1. A method for managing bulk e-mail distribution comprising the steps:
- (A) matching a target recipient profile with a group of target recipients;
- (B) transmitting a set of bulk e-mails to said target recipients in said matched group;
- (C) calculating a quantity of e-mails in said set of bulk e-mails which have been successfully received by said target recipients; and,
- (D) if said calculated quantity does not exceed a prescribed minimum quantity of successfully received e-mails, repeating steps (A)-(C) until said calculated quantity exceeds said prescribed minimum quantity.

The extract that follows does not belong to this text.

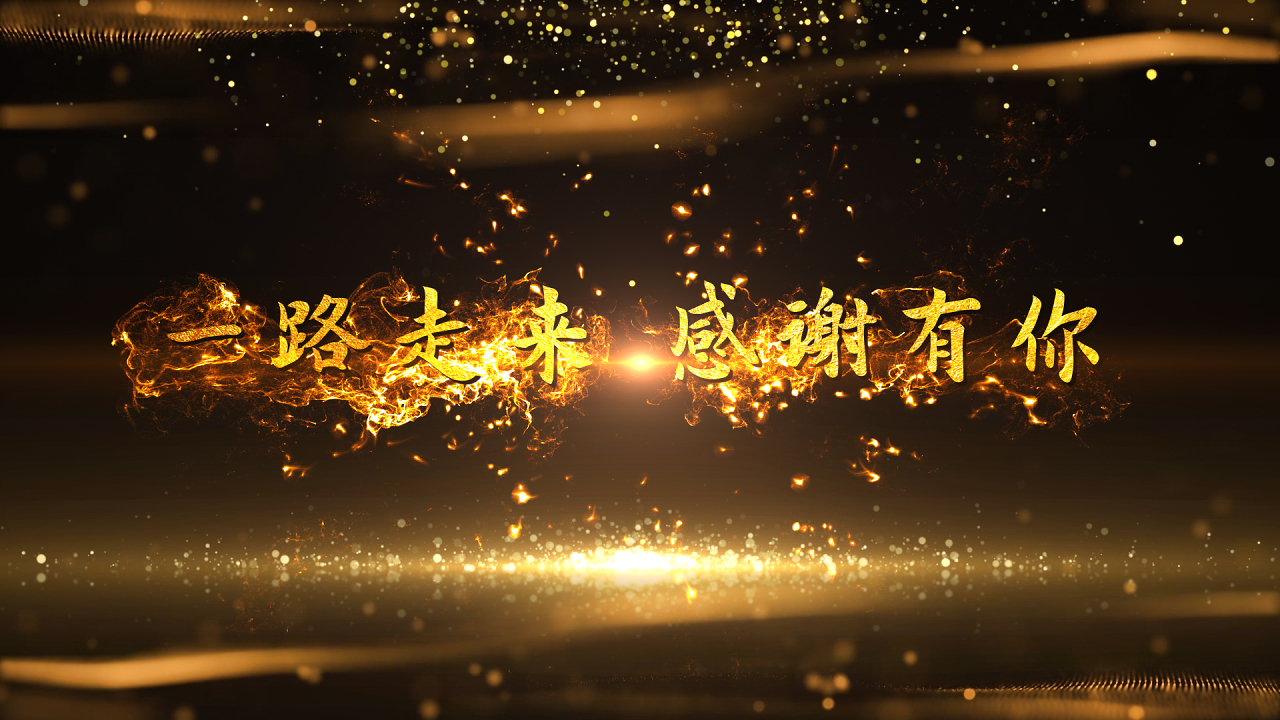 年会2020公司企业年会感谢有你ae字体模板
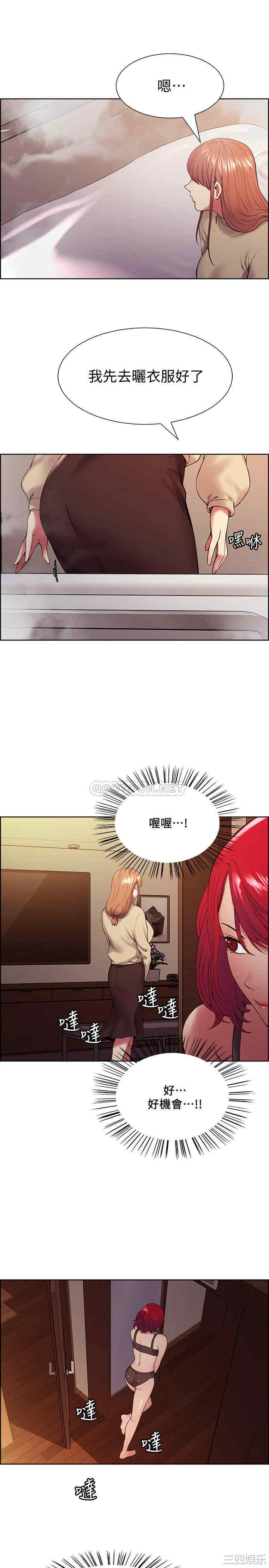 韩国漫画室友招募中韩漫_室友招募中-第40话在线免费阅读-韩国漫画-第5张图片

===District Court opinion===
In March 2007, Perfect Web sued competitor InfoUSA Inc., a company engaged in email marketing, for patent infringement of the '400 patent. In response, InfoUSA moved for summary judgment of invalidity of the patent. After conducting a Markman hearing, but without issuing a formal claim construction order, the district court granted InfoUSA's motion and concluded that steps (A)-(C) were covered by prior art and that step (D) would "be obvious to virtually anyone" and that the "final step is merely the logical result of common sense application of the maxim 'try, try again.'". For the purposes of the appeal, Perfect Web concedes that steps (A)-(C) were disclosed in prior art references but argues that there are factual disputes on several issues: whether "common sense" would have taught step (D), that the claims were not "obvious to try", and the "presence of a long-felt need". Perfect Web contends that the district court improperly viewed the invention through a hindsight-tinted lens, and discounted expert testimony that the patent was not a common-sense advance.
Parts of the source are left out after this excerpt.